10 декабря появился приказ. Наша соседка, она сейчас жива, русская старушка, ей, наверное, лет 90, она видела на столбе в нашем Советском переулке небольшую бумажку, в которой было написано, что все еврейское население, невзирая на возраст, должно явиться в обозначенные пункты — в мединститут и в здание бывшего Обкома, имея с собой носильные вещи и на пять дней запас продуктов. Это у меня запечатлелось на всю жизнь. Мы обдумали все это, у меня собрались все русские, мои знакомые, в большинстве русские. Они мне советовали не идти, и, во всяком случае, не идти моей семье. Я все-таки побоялся. Ко мне пришел брат, он совсем создал панику, и мы 11 числа пошли. Я явился в Обком партии, здесь как входишь, в вестибюле сидел переводчик немец и двое русских полицейских. Забирали паспорт и документы, а выход был один — во двор. Когда мы туда пришли, там народу было очень много. Мы с братом имели только продукты на пять дней. Вещи при входе в здание тотчас же отбирались. Один из моих знакомых привез вещи на двух линейках. Он верил до последнего момента, что поедет в эвакуацию. Были такие, которые требовали расписку о приеме вещей, многие не хотели отдавать. Но им говорили, что вещи будут отправлены отдельно.
Когда мы вышли во двор здания, народу было очень много, и уже были крики и слезы, потому что вещи были отобраны, и вообще, по обращению немцев с евреями было видно, что это конец. Разговор был такой, что евреев увозят, потому что уже увозили народ с этого двора, отсчитывали по 40 человек на машину и вывозили со двора. Детей отобрали там же. Сказали, что есть специальные детские дома, туда будут детей направлять. Матери детей не давали, их вырывали насильно. Днем было еще кое-как терпимо, а ночью был ужас, женщины плакали.

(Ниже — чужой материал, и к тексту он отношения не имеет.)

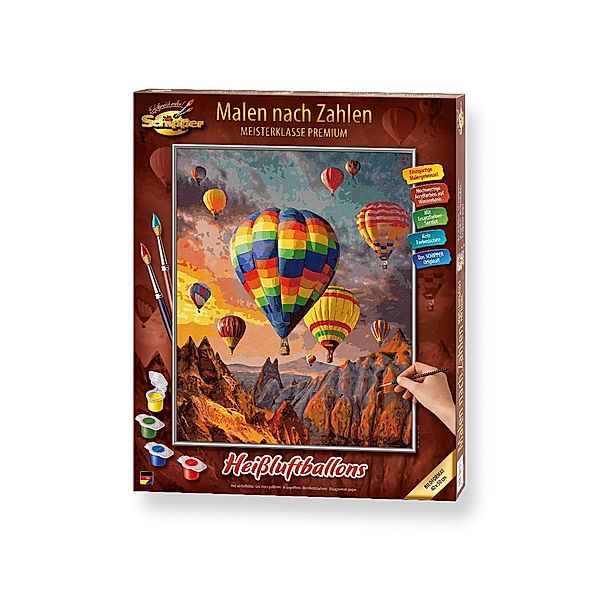 Noris Spiele, Schipper Meisterklasse Premium, Malen nach Zahlen (Mal-Sets) - MNZ - Heißluftballons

Вечером часов в девять пришел офицер и солдаты с фонарями, отобрали молодых девушек. Мы сидели в темноте, а кое-кто жег плошки. Офицер отбирал девушек, а солдаты уводили их, куда они потом направлялись и где они — неизвестно. В особенности грудных детей матери не давали, это была ужасная картина.
В тех семьях, где были матери с девушками, при отборе девушек офицером, были ужасные сцены прощания. Помню один случай, двое стариков и дочь у них была очень красивая. Мать ее не хотела отпускать, офицер схватил мать, а двое солдат девушку, и таким образом оторвали ее от матери.
Из нашего двора была одна еврейка, у нее были четверо детей, муж ее работал в клубе НКВД киномехаником, звали ее Эсфирь. У нее забрали всех детей, это было ужасно, она маленькая, тщедушная, обхватила всех четверых, ее немец чуть не задавил, когда отрывал от детей.
Я всю ночь ходил по двору. Там же была моя сестра, детей у них не было, у одной сын был тогда же эвакуирован... Мой дядя имел большую семью, но они были в другом пункте сбора — в мединституте.
Особенно ужасна была ночь: дети просили воды, воды не давали, и нас патруль не пропускал за водой, били прикладами. Патруль был немецкий.
Настроение было такое, что все ожидали конца. Утром часов в десять я попал в число 40 человек. Эта обстановка, женские крики и слезы, эта ночь убила в нас все. Ни о чем не думал, знал, что сопротивляться бесполезно, только думал — скорей бы конец. Хорошо знал, что расстреляют. С этим я смирился с момента выхода из дома. ...
Когда нас отсчитали 40 человек, вывели через садик на Пушкинскую улицу, и через калитку вывели на улицу, там стоял автобус. День был пасмурный, падал снег, а лежавший на земле снег таял. Нас посадили в автобус, с нами два немца, они сопровождали нас. При входе стояли два солдата, около ограды стояли также солдаты.